**TASK INSTRUCTIONS**
Could you output each line below precisely as it stands, without the images?

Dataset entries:

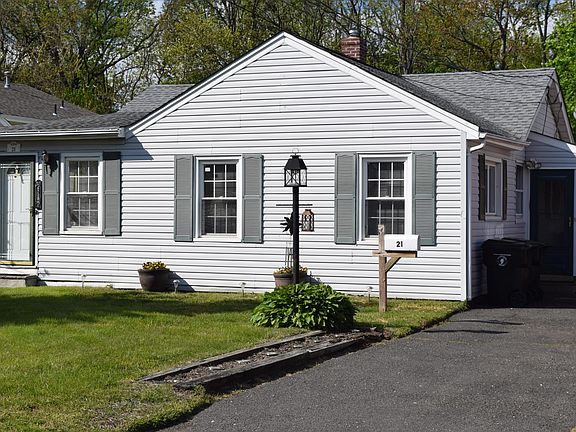 2nd image of 21 Willow St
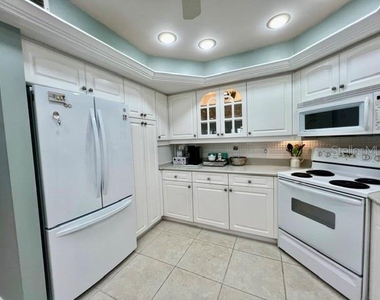 3250 Southshore Drive - Photo Thumbnail 10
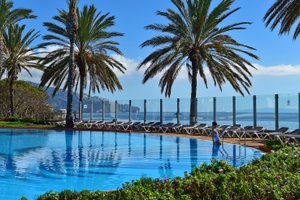 Piscine et plage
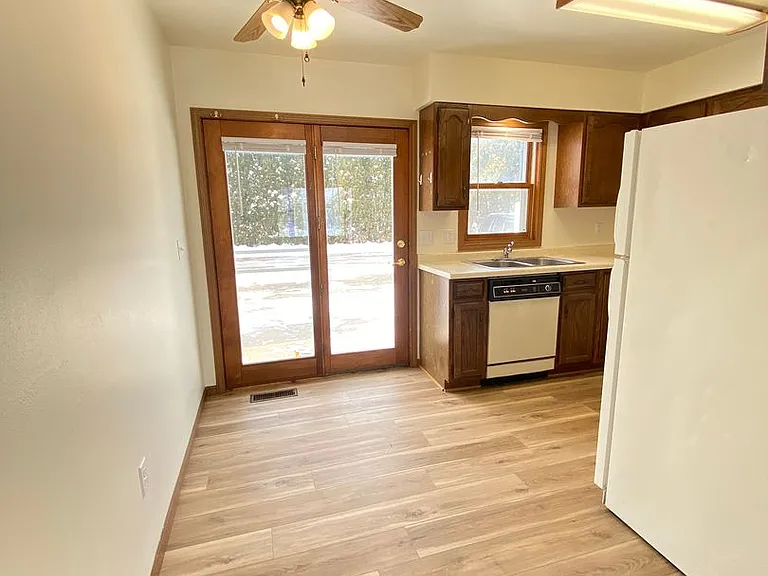 1785 Alexandra Ct — Photo 3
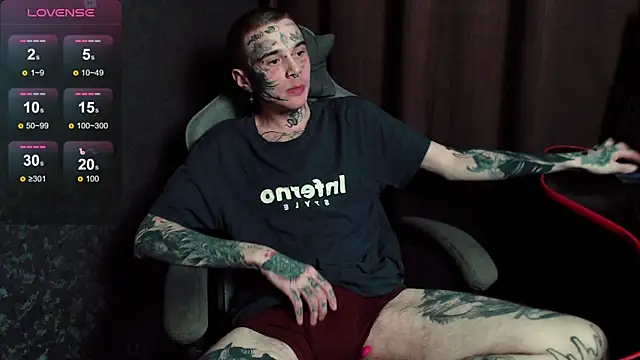 Snapshot of lonelycrystal chatting on October 29, 2025, 5:45 pm lonelycrystal online show from October 29, 2025, 5:45 pm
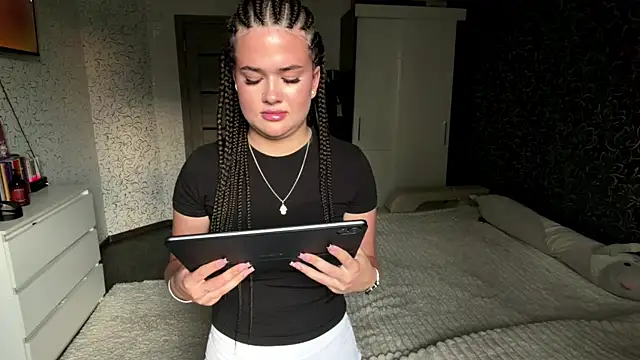 cuteshowy's Live XXX Chat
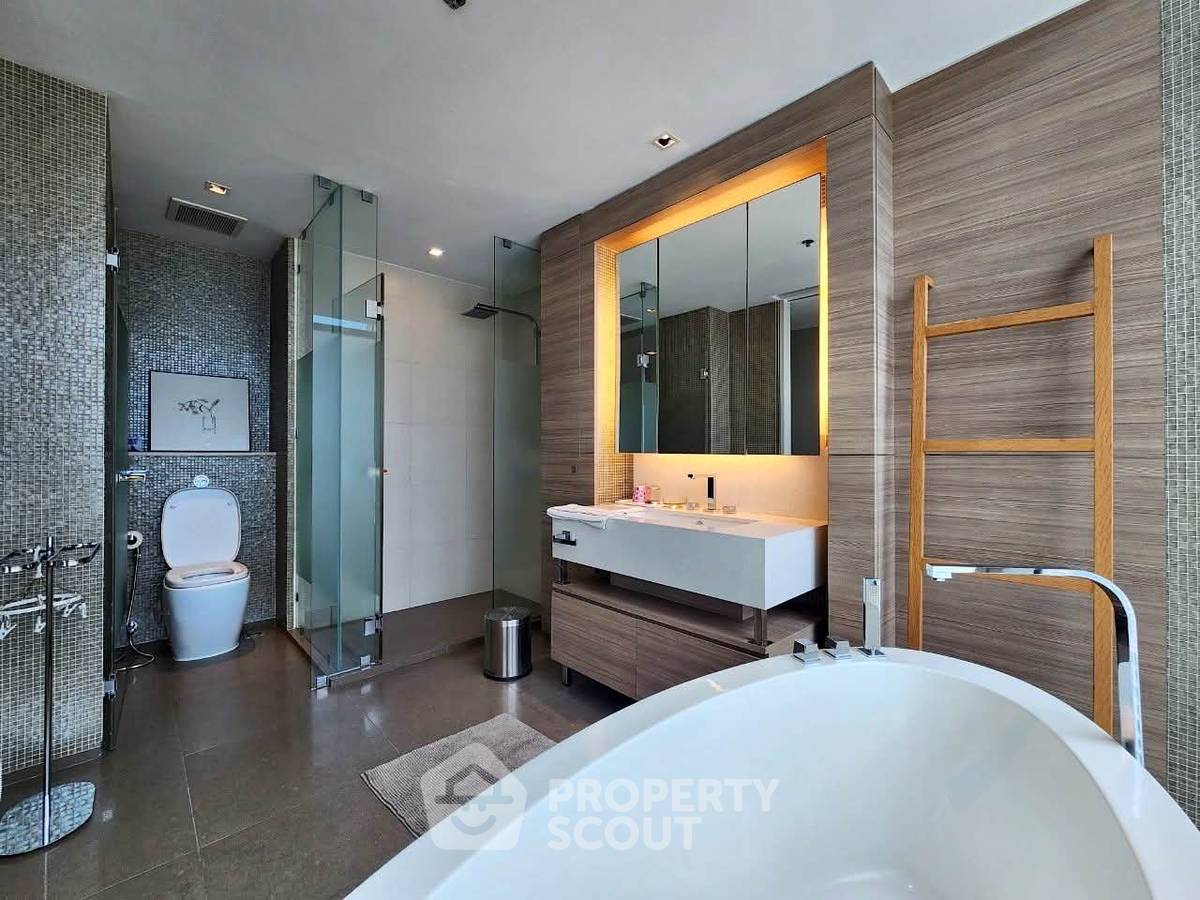 รูป ขายคอนโด 3 ห้องนอน 145 ตร.ม. The River Condominium ใกล้ BTS สะพานตากสิน (ID 3358359) - รูปที่ 13/22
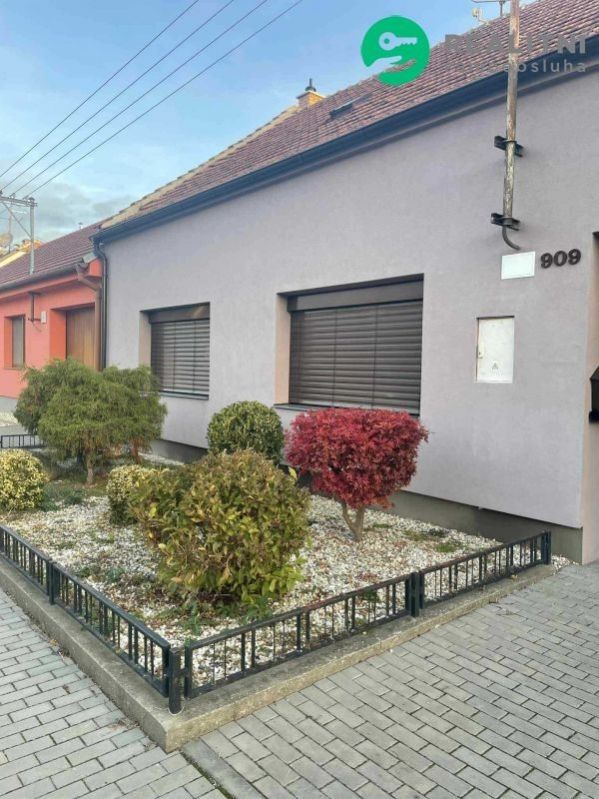 Prodej rodinný dům - Čejkovská, Velké Bílovice, 385 m²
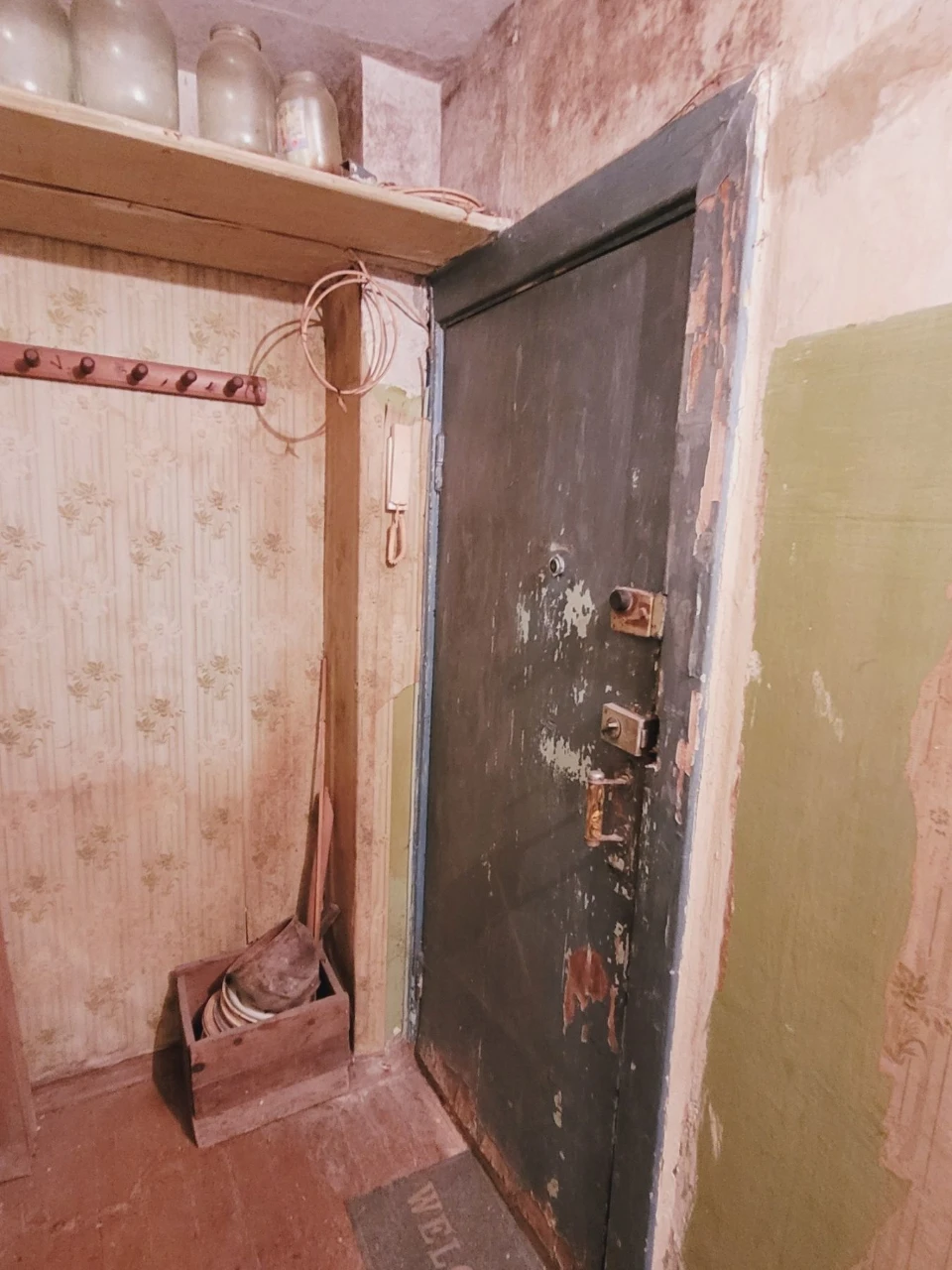 1-но комн. квартира СевГОК, ост. Стадион, 2-й этаж, не углов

**ANSWER SECTION**
 2nd image of 21 Willow St
 3250 Southshore Drive - Photo Thumbnail 10
 Piscine et plage
 1785 Alexandra Ct — Photo 3
 Snapshot of lonelycrystal chatting on October 29, 2025, 5:45 pm lonelycrystal online show from October 29, 2025, 5:45 pm
 cuteshowy's Live XXX Chat
 รูป ขายคอนโด 3 ห้องนอน 145 ตร.ม. The River Condominium ใกล้ BTS สะพานตากสิน (ID 3358359) - รูปที่ 13/22
 Prodej rodinný dům - Čejkovská, Velké Bílovice, 385 m²
 1-но комн. квартира СевГОК, ост. Стадион, 2-й этаж, не углов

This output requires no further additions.